Tuesday, October 25, 2016

Refugees - no terrorist threat

Several European countries have tightened border controls over the past year in response to security concerns related to the refugee crisis. A United Nations investigator has warned that moves to crackdown on migration may worsen the risk of more attacks in Europe while breaching refugees’ fundamental rights. Ben Emmerson, the Special Rapporteur on counter-terrorism and human rights, found “little evidence” that Isis and other terror groups use refugee flows or that asylum seekers are prone to radicalisation. The finding was echoed in Europol’s 2016 European Union Terrorism Situation and Trend Report, which acknowledging a small number of known cases.

Delivering a report to the UN General Assembly in New York, he said: “While there is no evidence that migration leads to increased terrorist activity, migration policies that are restrictive or that violate human rights may, in fact, create conditions conducive to terrorism. Overly-restrictive migration policies introduced because of terrorism concerns are not justified and may, in fact, be damaging to state security.” Policies to “criminalise irregular migration”, that build fences and carry out push-back operations are driving covert movements and people smuggling that “may ultimately assist terrorists and lead to increased terrorist activity”.

Analysts have previously warned that moves to turn away or detain refugees from Syria and other countries feeds into extremist propaganda that seeks to portray the West as a violent and oppressive enemy of Muslims.

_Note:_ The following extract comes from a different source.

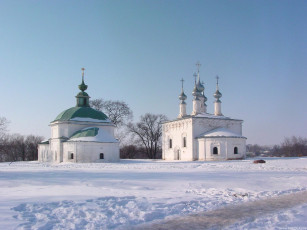 обоя города, православные, церкви, монастыри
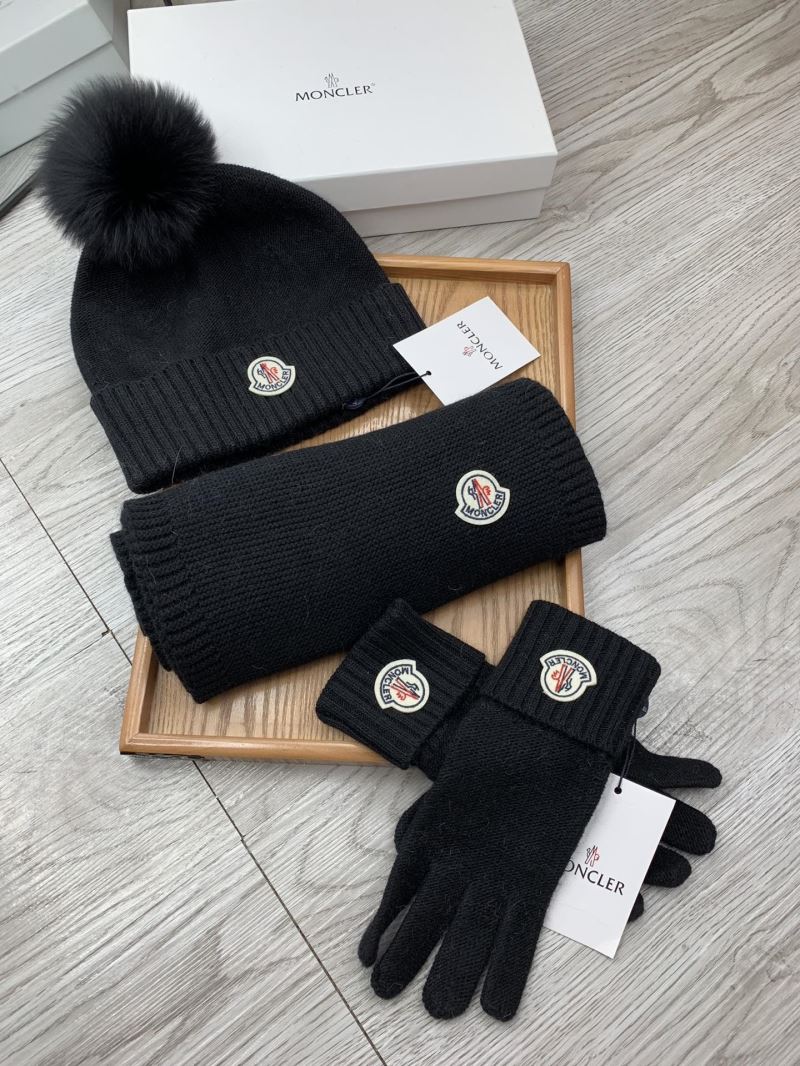 Moncler Caps Scarfs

Fear of further attacks has driven a growing link between anti-terror measures and immigration policy that is “analytically and statistically unfounded, and must change,” Mr Emmerson said. “Even with ongoing attempts to reach resolution in the Syrian conflicts, we are likely to see a continued flow of refugees beyond the current record levels,” he told the UN General Assembly.  “What is clear is that policies that respect human rights, justice, and accountability, and that manifest the values on which democracy is founded, are an essential element of effective counterterrorism policies. The further we move away from this, the more we concede to terrorist groups. We are here today to correct the misperception that international refugee law is an obstacle when it comes to addressing security concerns.” He concluded, “In fact, it is in all of our interests to protect refugees and give them the opportunity to create a better future for themselves and their families. It is also the right thing to do.”

His study recommends that countries should recognise that the vast majority of people fleeing Syria and other affected regions are victims of terrorism, rather than viewing them as potential suspects in the first instance. It also calls on states to respect the fundamental rights of migrants and warns that operations to turn back ships or asylum seekers and detain of migrants likely violate human rights and breach obligations under international refugee law.